О “содержании” печали и в том, и в другом случае сказать что-либо трудно по этим первым строфам, по интонационно она вполне выражена и звучит различно.
Звук и смысл в речи связаны неразрывно. Речевая конструкция стиха дает возможность преодолеть природную аналитичность языка. В сущности, в художественной прозе тоже необходимо изыскать способ обойти речевой феномен повествования,
чтобы читатель мог вместе с сообщением о чувствах получить их, так сказать, в собственное пользование. Искусство воздействует эмоционально. Помимо сюжета, помимо идей, которые содержит прозаическое произведение, оно обладает некой эмоциональной аурой, в прозе достигаемой усильями всего текстового пространства. В поэзии бывает довольно одного первого стиха. “Ненастный день потух; ненастной ночи мгла...”; “Не дай мне бог сойти с ума...”; “Глагол времен! Металла звон!”; “Опустись, занавеска линялая, / На больные герани мои...”; “Ты опять со мной, подруга осень...”; “Как эта улица пыльна, раскалена! / Что за печальная, о господи, сосна!” Так льнут к сердцу эти интонации, так они обворожительно-неповторимы, что хочется длить этот список бесконечно, благо русская поэзия предоставляет широкие возможности... Ну, еще чуть-чуть: “Я болен, Офелия, милый мой друг!” или “Моего тот безумства желал, кто смежал...” Фет как никто умеет сразу, без предупреждения вонзаться в душу, Блок это уменье унаследовал от него: “Женщина, безумная гордячка!” или совершенно загадочное “Боль проходит понемногу, / Не навек она дана...” Почему, почему так торжественно, так чудно это звучит?Кажется, что регулярными размерами уже ничего не выразишь. Все, что можно было сказать, сказано. “Звук уснул”.
Это, конечно, только кажется.
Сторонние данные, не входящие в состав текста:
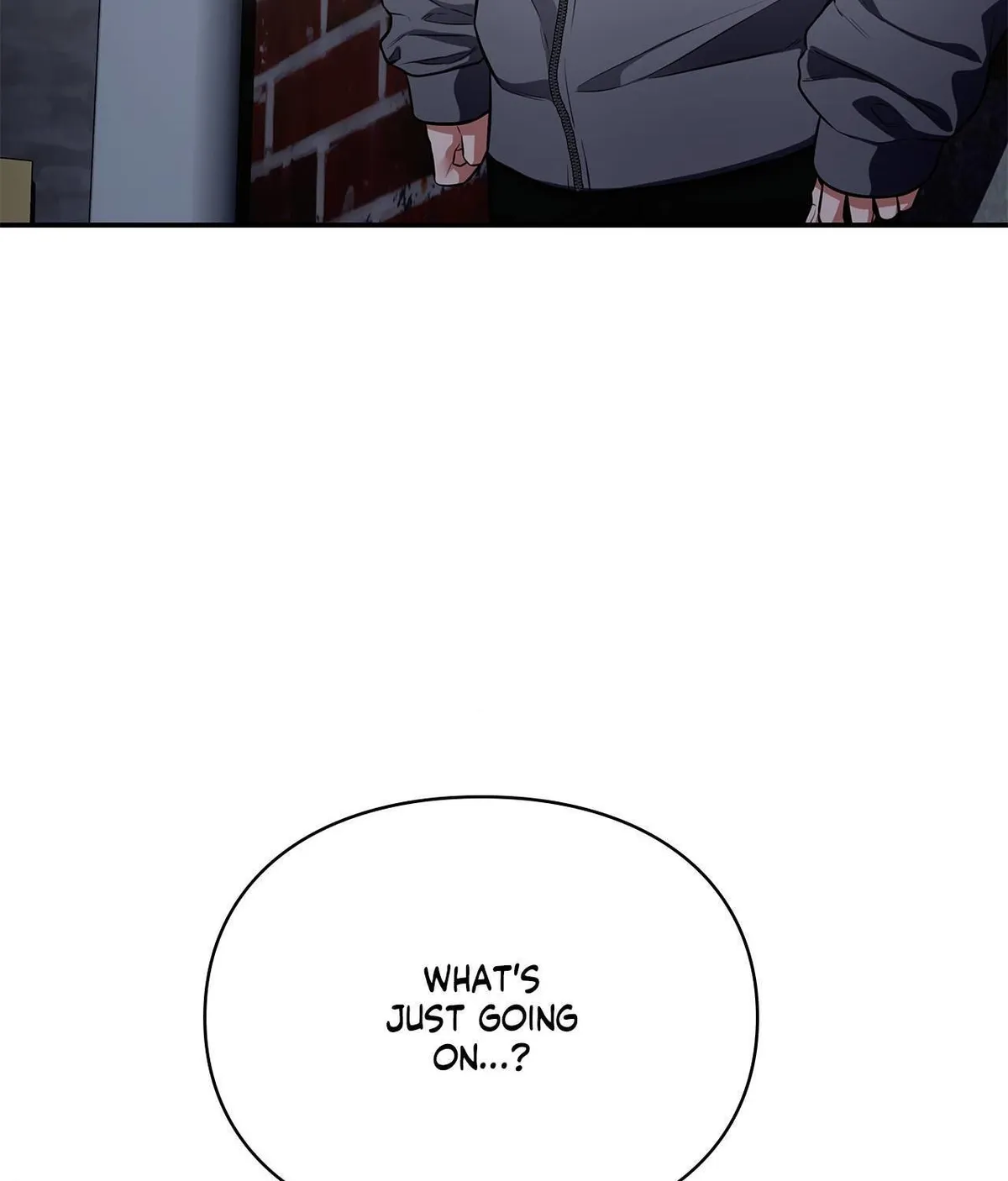 Beethoven Syndrome Chapter 4 page 2 - 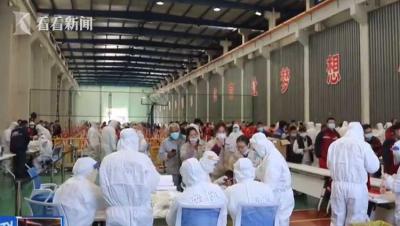 淘宝直通车扣分会清零吗,为什么很多创业的动不动年入百万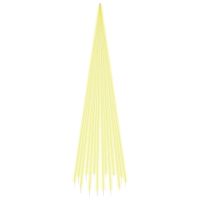 product-compare-60790781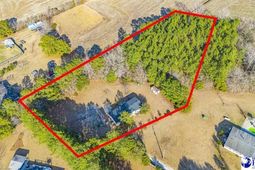 2179 Jasmine Rd. photo 4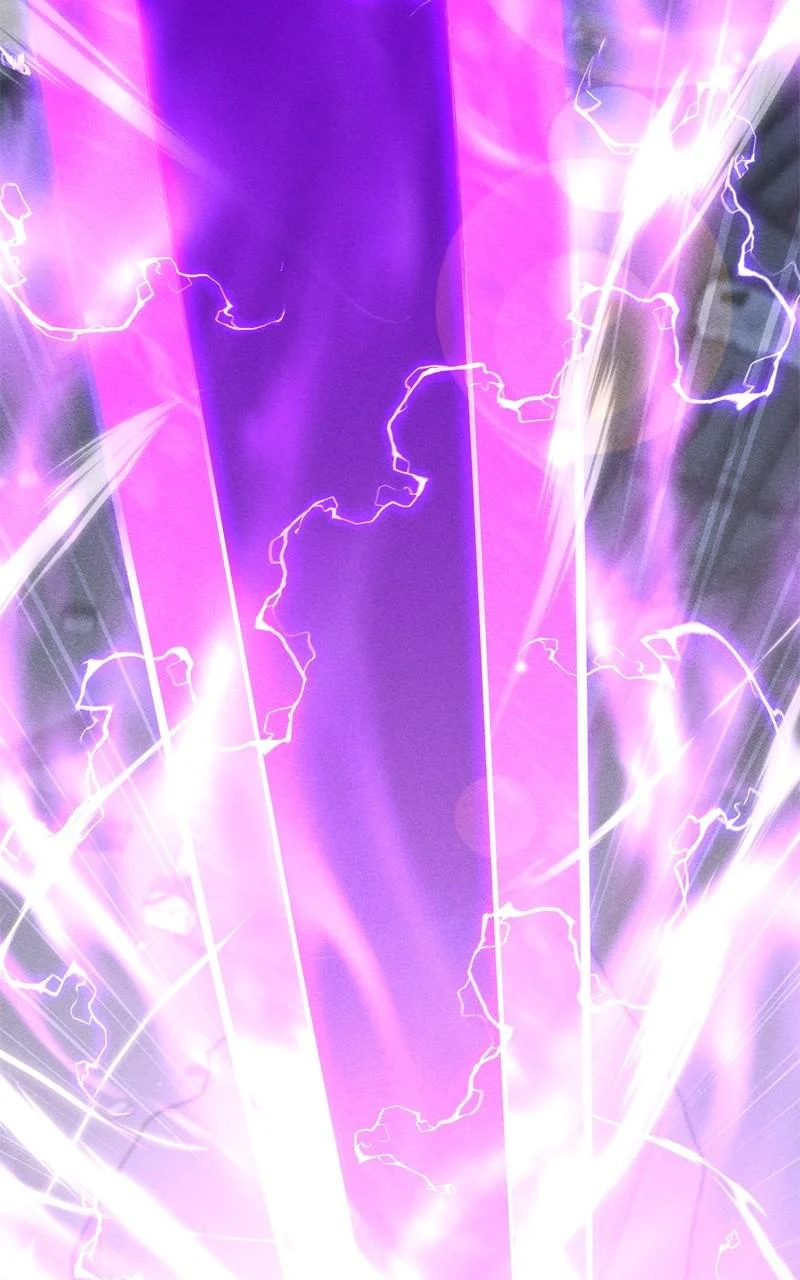Page 102 of Chapter 161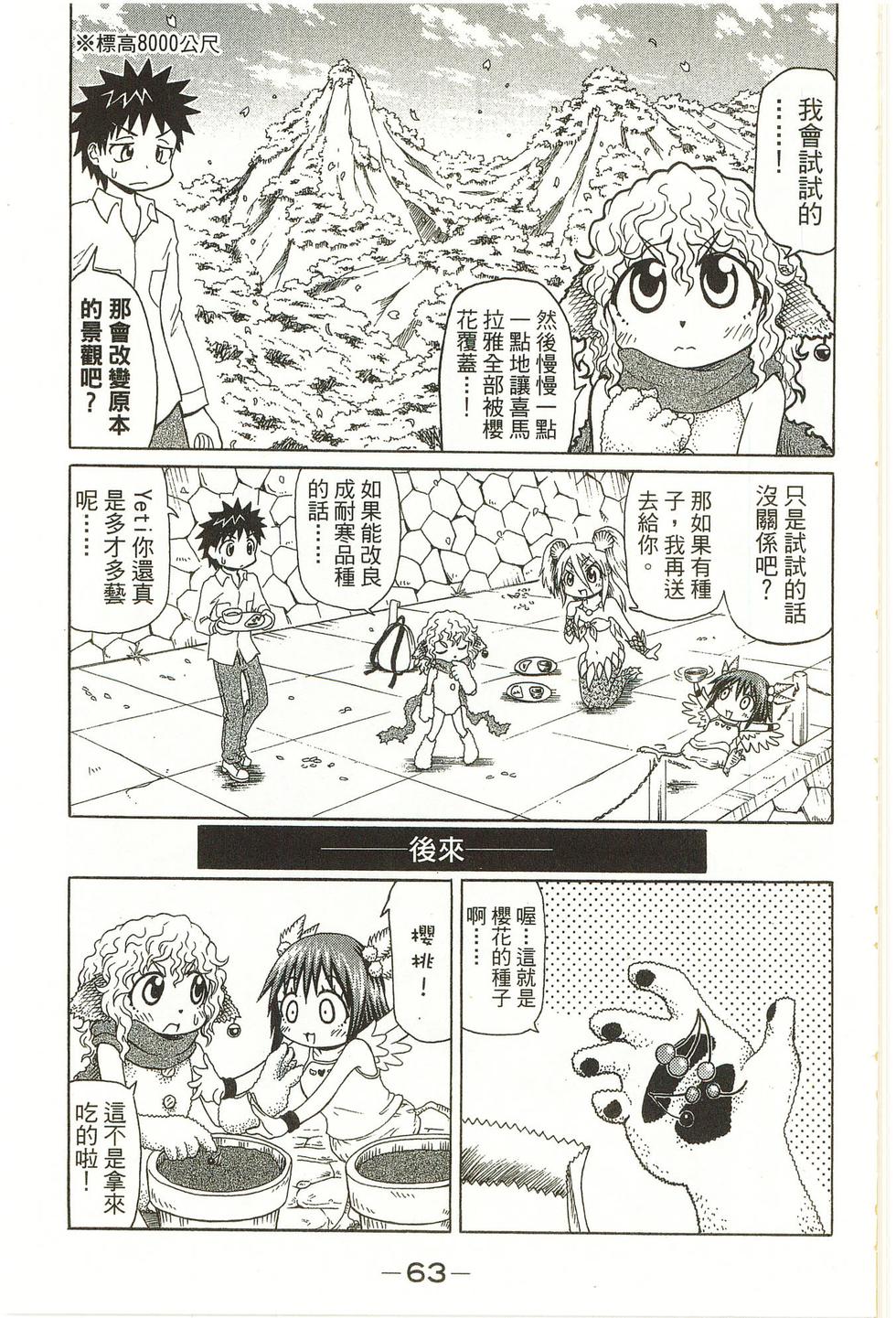 第63页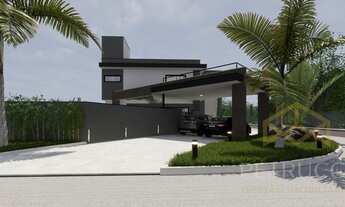 Imagem 5: Casa - Swiss Park - Campinas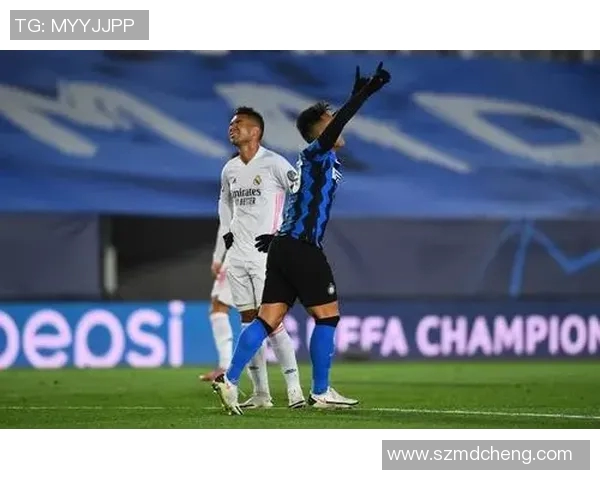 VPS瓦萨迎战洪卡全力争胜精彩对决即将上演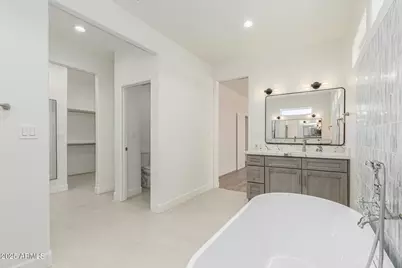 18215 W Enoch Drive, Surprise, AZ 85387 - Photo 16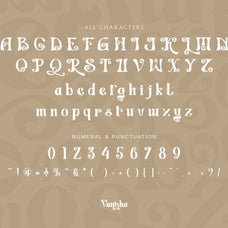 vanisha-font-koplexs-studio-10.jpg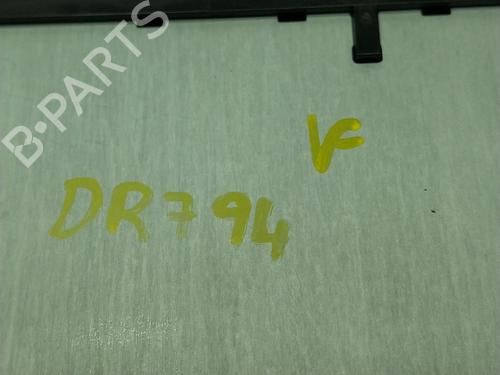 Electronic module SEAT IBIZA V (KJ1, KJG) | BP30198243M83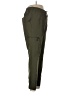 Aeropostale Green Cargo Pants Size L - photo 4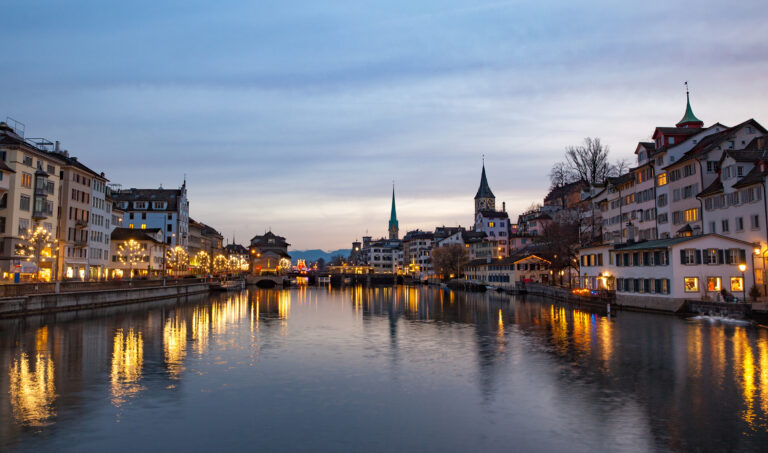 zurich-evening-lights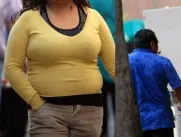 Obesidad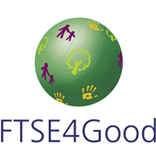FTSE4Good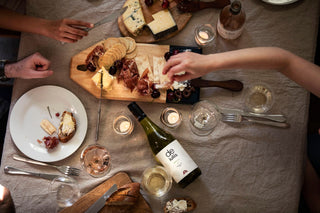 Semillon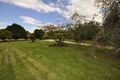 Property photo of 5 Rainbow Lane Jindera NSW 2642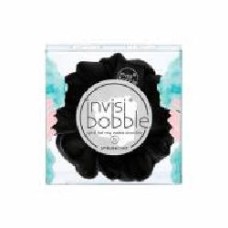 Резинка для волос Invisibobble Sprunchie True Black 1 шт.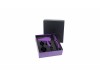 Kit Corioliss plancha de pelo C3 purple + secador Flow dc Purple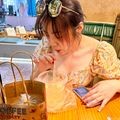 https://img.yuejiaxmz.com/upload/2024/1213/20241213072932_0_ccfqfgk.jpg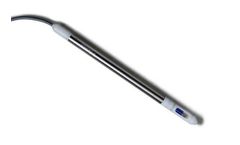 pHionics - Model STs Series - pH Sensor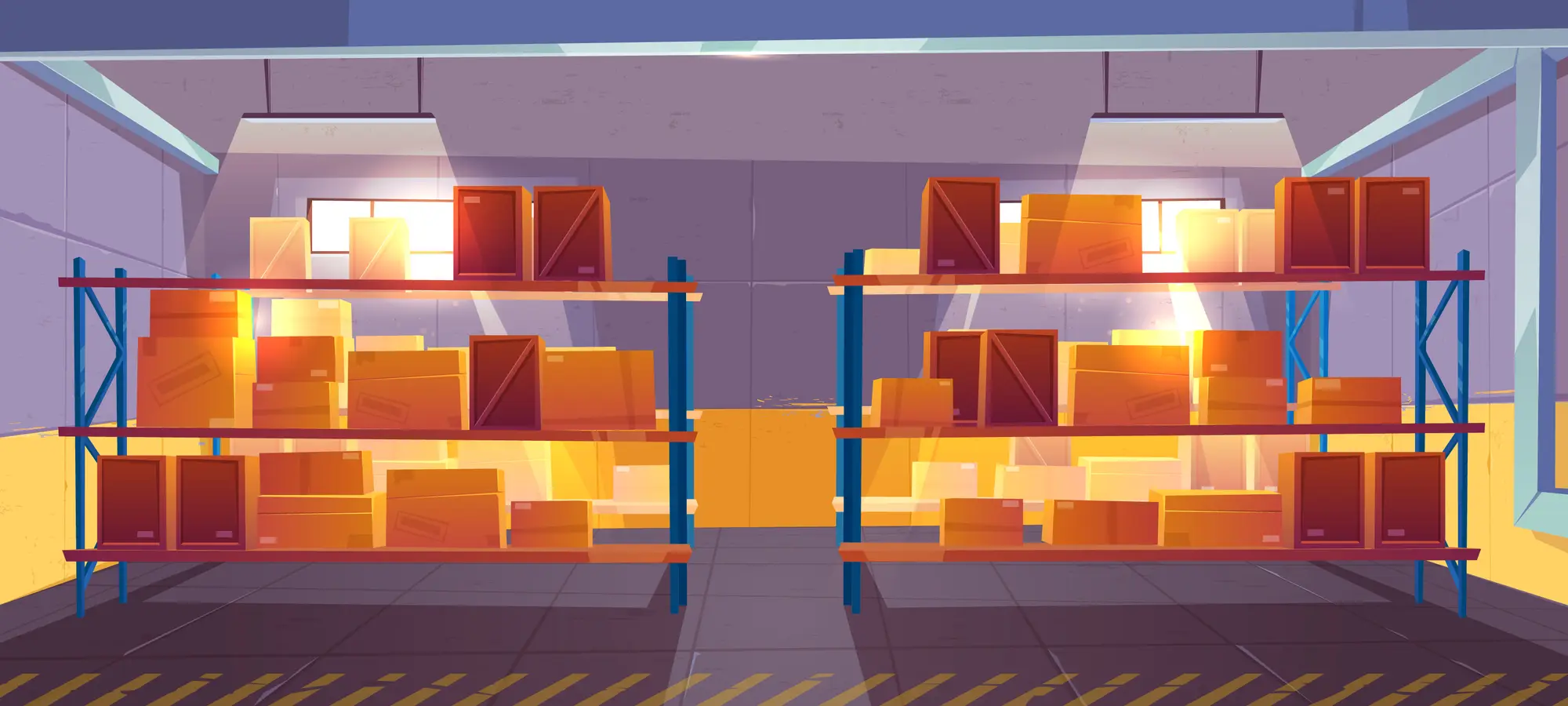 ¿Qué es un trastero y para qué sirve?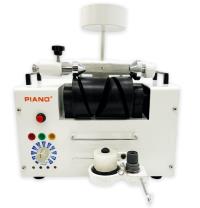 PIANO Bobin Aktarma Makinesi PN-10S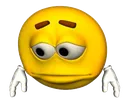 sadguy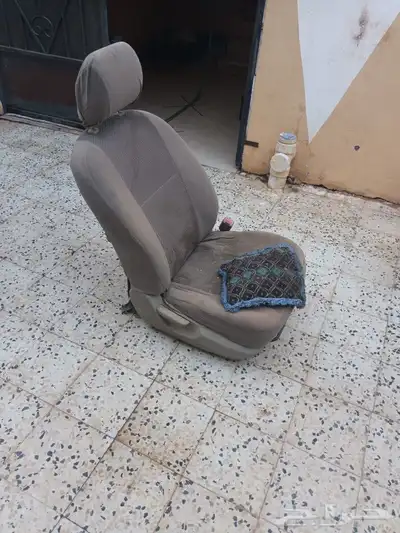 مرتبة كورلا للبيع 2012 1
Но это чувство и интуитивные поиски нового приводят к новому звуку. “О, кожаные мешки с большими замками, / Как вы огромны, как вы тяжелы!/ И неужели нет писем от тех, что мне милы, / Которые бы они написали своими дорогими руками?” Как детски-наивно, на удивление безыскусно звучат эти стихи, с небрежной “мешковатостью”, как сказал о Кузмине Мандельштам.Поэт — это голос. Новый, своеобразный, узнаваемый. Мы теперь понимаем, что это не метафора, что за этим выражением стоит точный смысл. Читая стихи, мы слышим звучание речи и именно оно доносит до нас поэзию. Но определить этот голос можно только метафорически. Скажем, о лермонтовском можно сказать, что он звенит,
и некоторая металлическая нотка нас уже от него отдаляет, некрасовский желчный трехсложник тяжеловат, и “одышкой болен / Фета жирный карандаш” — очевидно потому, что речь такая жаркая, задыхающаяся, она настигает с разбегу. Примерно таким образом Наташа Ростова, помнится, говорит о людях: Борис — узкий, серый, как часы столовые, а Пьер — темно-синий с красным — “ Николенька бы понял”. Людям, знающим и любящим стихи, нетрудно договориться в этой манере.